Select Page

Mr Jemmie Williams



In the matter of

Mr Jemmie Williams (037907G)

held on 20 July 2015


8 Weymouth Street

London W1W 5BU



Mr Paul Housego (Chair)

Ms Judy Carr (PCC Architect Member)

Mr Stephen Neale (PCC Lay Member)

Mr Stephen Battersby (Clerk to the PCC)




Mr Iain Miller of Bevan Brittan LLP appeared on behalf of the ARB.

Mr Jemmie Williams was not in attendance.




1.       Mr Williams was called before the Professional Conduct Committee (“the Committee”) of the Architects Registration Board (“the Board”) having been convicted on 17 July 2014 of one count of dishonestly making a false statement to obtain benefit/advantage/payment.


2.       The relevant provision of the Code is:-

A disciplinary order may be made against you if you are convicted of a criminal offence other than where that offence has no material relevance to your fitness to practise as an architect.




3.       Mr Williams claimed state benefits although he had capital to an extent that made him ineligible, and signed a declaration to obtain that benefit that was false. The benefit that he was paid and to which he was not entitled was £7926.14.




4.       The Board brings the allegation following a self-referral by Mr Wiiliams by email on 30 September 2014, in which he described a “minor conviction”. Mr Williams was requested to provide details of the conviction and did so on 23 October 2014.


Burden and standard of proof


5.       The ARB is required to prove the allegations to the civil standard; that it is more likely than not that any event occurred.

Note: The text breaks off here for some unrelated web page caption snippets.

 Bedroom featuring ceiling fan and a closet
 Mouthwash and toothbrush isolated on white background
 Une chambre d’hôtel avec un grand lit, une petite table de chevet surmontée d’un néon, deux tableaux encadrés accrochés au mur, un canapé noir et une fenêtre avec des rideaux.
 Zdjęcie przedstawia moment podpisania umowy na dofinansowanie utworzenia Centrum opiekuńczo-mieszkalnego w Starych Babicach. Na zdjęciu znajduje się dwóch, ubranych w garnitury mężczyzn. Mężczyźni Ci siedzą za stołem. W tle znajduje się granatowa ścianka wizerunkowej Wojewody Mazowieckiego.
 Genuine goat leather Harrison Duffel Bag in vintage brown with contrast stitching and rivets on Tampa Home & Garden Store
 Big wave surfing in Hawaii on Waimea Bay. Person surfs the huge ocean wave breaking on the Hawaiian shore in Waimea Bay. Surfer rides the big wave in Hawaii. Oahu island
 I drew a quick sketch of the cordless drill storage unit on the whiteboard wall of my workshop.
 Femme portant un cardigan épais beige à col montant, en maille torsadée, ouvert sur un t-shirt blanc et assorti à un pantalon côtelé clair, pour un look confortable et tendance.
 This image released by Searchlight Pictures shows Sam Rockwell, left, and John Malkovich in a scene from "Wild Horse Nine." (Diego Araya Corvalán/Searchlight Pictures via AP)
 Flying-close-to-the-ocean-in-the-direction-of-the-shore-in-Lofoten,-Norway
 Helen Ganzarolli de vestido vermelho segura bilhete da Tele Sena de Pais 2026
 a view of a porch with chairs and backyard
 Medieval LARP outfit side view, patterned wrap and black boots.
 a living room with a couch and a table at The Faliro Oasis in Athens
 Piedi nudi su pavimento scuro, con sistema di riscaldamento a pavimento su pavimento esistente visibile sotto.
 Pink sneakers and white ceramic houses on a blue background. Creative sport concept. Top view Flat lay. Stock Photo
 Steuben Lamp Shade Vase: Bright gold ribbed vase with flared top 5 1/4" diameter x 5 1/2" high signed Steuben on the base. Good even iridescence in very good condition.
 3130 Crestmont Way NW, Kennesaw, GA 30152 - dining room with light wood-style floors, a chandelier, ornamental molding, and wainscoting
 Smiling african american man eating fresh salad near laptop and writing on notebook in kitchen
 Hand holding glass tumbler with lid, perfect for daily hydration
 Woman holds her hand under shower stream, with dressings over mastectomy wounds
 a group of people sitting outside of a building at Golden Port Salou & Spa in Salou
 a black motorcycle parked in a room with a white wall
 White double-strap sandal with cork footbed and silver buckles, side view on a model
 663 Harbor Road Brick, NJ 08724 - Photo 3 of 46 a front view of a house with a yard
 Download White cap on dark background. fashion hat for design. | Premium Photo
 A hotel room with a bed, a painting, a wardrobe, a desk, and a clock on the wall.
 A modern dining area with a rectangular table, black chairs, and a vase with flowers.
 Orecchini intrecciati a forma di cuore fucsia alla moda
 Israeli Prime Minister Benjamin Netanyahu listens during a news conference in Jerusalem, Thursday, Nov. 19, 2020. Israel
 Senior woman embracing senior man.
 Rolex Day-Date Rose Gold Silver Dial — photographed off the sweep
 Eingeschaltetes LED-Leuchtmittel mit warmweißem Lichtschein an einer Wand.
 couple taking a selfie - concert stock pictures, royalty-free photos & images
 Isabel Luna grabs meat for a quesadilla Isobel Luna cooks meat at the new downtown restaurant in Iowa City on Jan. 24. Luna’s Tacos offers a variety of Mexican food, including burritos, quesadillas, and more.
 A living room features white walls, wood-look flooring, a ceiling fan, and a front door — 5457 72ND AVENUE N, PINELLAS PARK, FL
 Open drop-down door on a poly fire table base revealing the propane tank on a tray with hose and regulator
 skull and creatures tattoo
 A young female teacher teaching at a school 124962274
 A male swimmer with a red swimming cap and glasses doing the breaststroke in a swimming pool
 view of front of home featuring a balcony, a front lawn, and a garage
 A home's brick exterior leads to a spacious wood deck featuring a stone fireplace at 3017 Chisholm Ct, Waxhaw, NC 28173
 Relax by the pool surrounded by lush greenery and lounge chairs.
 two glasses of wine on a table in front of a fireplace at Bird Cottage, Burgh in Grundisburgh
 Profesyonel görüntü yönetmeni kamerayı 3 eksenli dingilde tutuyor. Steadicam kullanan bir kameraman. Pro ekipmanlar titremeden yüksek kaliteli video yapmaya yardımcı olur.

The Committee has in mind throughout its deliberations that the right to practise a profession is involved in these proceedings and proceeds upon the basis that the Human Rights Act 1998 will apply.  In particular Mr Williams has the right to a fair trial and to respect for his private and family life under Articles 6 and 8 of the European Convention for the Protection of Human Rights and Fundamental Freedoms, as incorporated within UK law by that Act.


6.       The conviction is proved by a certificate of conviction, and it is not open to Mr Williams to go behind that certificate.


Preliminary matters


7.       Mr Williams did not attend the hearing. The Committee was referred to the service of the papers. The clerk advised the Committee that the provisions as to service set out in the rules, Rule 6a had been complied with, as the notice of the hearing, with the other documents required to be supplied, were sent to Mr Williams on 8 May 2015, so giving more than the required 42 days notice of this hearing. Accordingly the Committee found that the notice of hearing was properly served.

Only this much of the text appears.